Part 3 – The Proposed Solution
In reference to the above statements regarding utilization of the lot, particularly justification for a larger design concept, I take this opportunity to propose a counter view.
This design concept pivots 180 degrees, offering a solution without detriment to the applicant’s intentions yet fulfilling the intent of the design guidelines and interests of citizens to protect the historic neighborhood and consequently their property investments.
The following design alternative, a compromise, pays respect to the rhythm, scale, style, and integrity of the residential context. It is a concept called ‘decentralized design’, where major parts of the building are separated and expressed as individual design elements, also referred to as ‘monopoly houses’. These functional elements or house blocks are arranged in a fashion emulating a small-scale composition or neighborhood unto itself thus resulting in mass, scale, rhythm, and roof forms that would be sensitive and complimentary with the surrounding residential context. It works well with the large lot where it can ‘spread out’ and convey the correct character and ambience. Further, it would create an appropriate ‘southern gateway’ into town as viewed from Cross Street. With this simple concept, the client’s large building footprint is decentralized leading one to focus more on the individual building elements of the composition than on a singular building mass.
In contrast, the applicant’s proposed design can be regarded as a ‘centralized design’, with all building functions under a large contiguous roof form thus limiting the ability to scale the mass to become complimentary with the historic context. Predominately, the negative responses to the current design are based on restrictions inherent with a centralized design concept. It is a design trap with no way out, despite the architect’s attempts to do so. The Monopoly House Design concept can be scaled up and down in massing to transition between the residential and commercial scales more successfully than a centralized design concept. It can be skillfully crafted to achieve the required balance and visual tie to the surrounding neighborhood.

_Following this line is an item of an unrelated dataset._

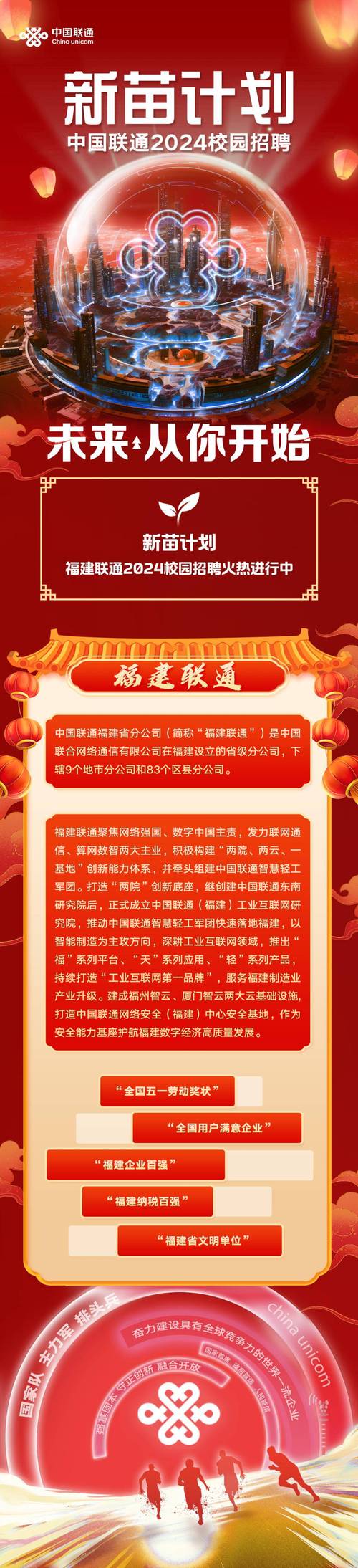 福建联通校招 | 中国联合网络通信有限公司福建分公司 2024校园招聘(负责头条专业经历工作) 排名链接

Successful examples of Monopoly House Designs are attached. Most are designs by nationally recognized architect Hugh Jacobsen, of Washington D.C. who died in 2020. Mr. Jacobsen designed simplistic but noteworthy residences on the Eastern Shore. Respecting the surrounding context was a key driver in his award winning and timeless designs. They have been successfully emulated by many architects to reduce mass, compose a uniquely scaled composition, and create a sense of place to enhance and elevate the surrounding area or context. It is a credible design concept that would work well at 206 Cannon Street.
In deliberating what is the highest and best design solution for 206 Cannon Street, the residential context mirrored in a decentralized design should be the driving force, not the commercial context mirrored in a centralized design.

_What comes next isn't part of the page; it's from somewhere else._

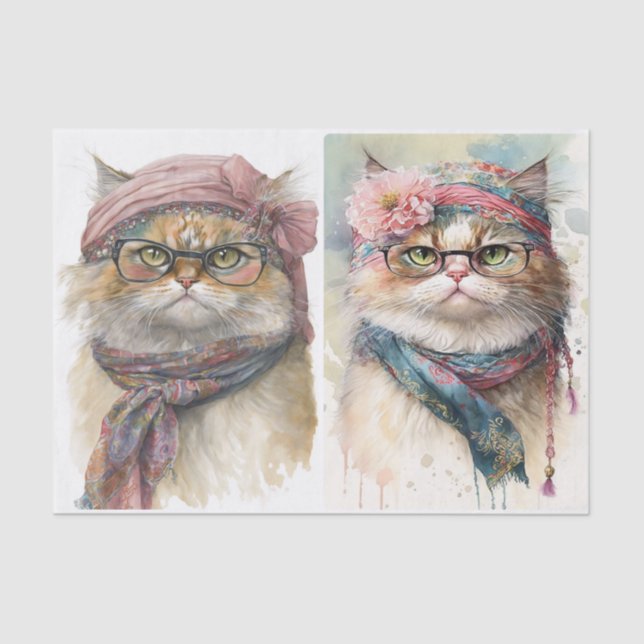 Papel De Seda Fancy Cats (Anverso)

Attachments 1- 5 are building elevation examples and 6-7 are decentralized floor plan examples. In tandem, the appropriateness can be understood and appreciated to fulfill the requirements embodied in applicable ordinances, guidelines, and goals of the Comprehensive Plan for Chestertown. It offers a win-win solution.
Zoning and Density
Understanding of the state and local historic land use legislation is important in order to address this critical topic. In 1963, Article 66B of the Annotated Code (Maryland Land Use Article) was amended to grant local governments the authority to protect and preserve their historic buildings. In 1964, Chestertown became one of the first towns in Maryland to adopt an historic preservation ordinance (Chapter 93, Historic Zoning) and in 2003, the HDC published the Historic District Guidelines with revisions in 2012. In 2015, the Chestertown Comprehensive Plan adopted the following goal.

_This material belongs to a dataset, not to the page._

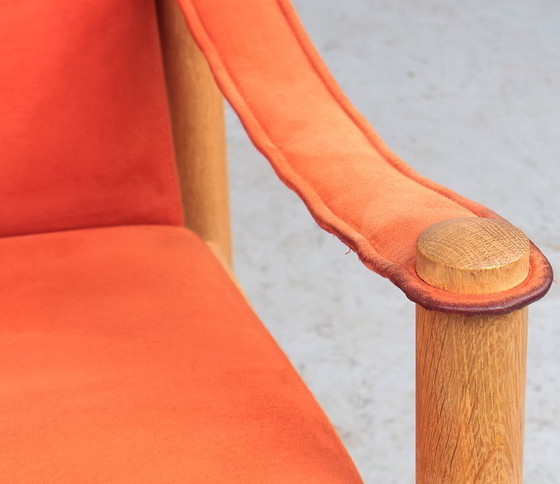 Image 1 of Safari-Stühle aus Eichenholz, Skipper Møbler 1980s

“The need to protect and conserve Chestertown’s historic resources is a fundamental, underlying concept to managing the current and future growth of the Town. Chestertown’s character is shaped by its history, its architecture, and its pattern of growth over the centuries. Much attention and effort has been devoted to ensuring that current and future growth decisions reflect sensitivity to the need for compatible scale and character, particularly within and adjacent to the Historic District”. (3)
In short, it is apparent that the HDC possesses the authority to not only carefully scrutinize applications but also to require revisions or deny applications that are deemed not in the best interest of the Historic District.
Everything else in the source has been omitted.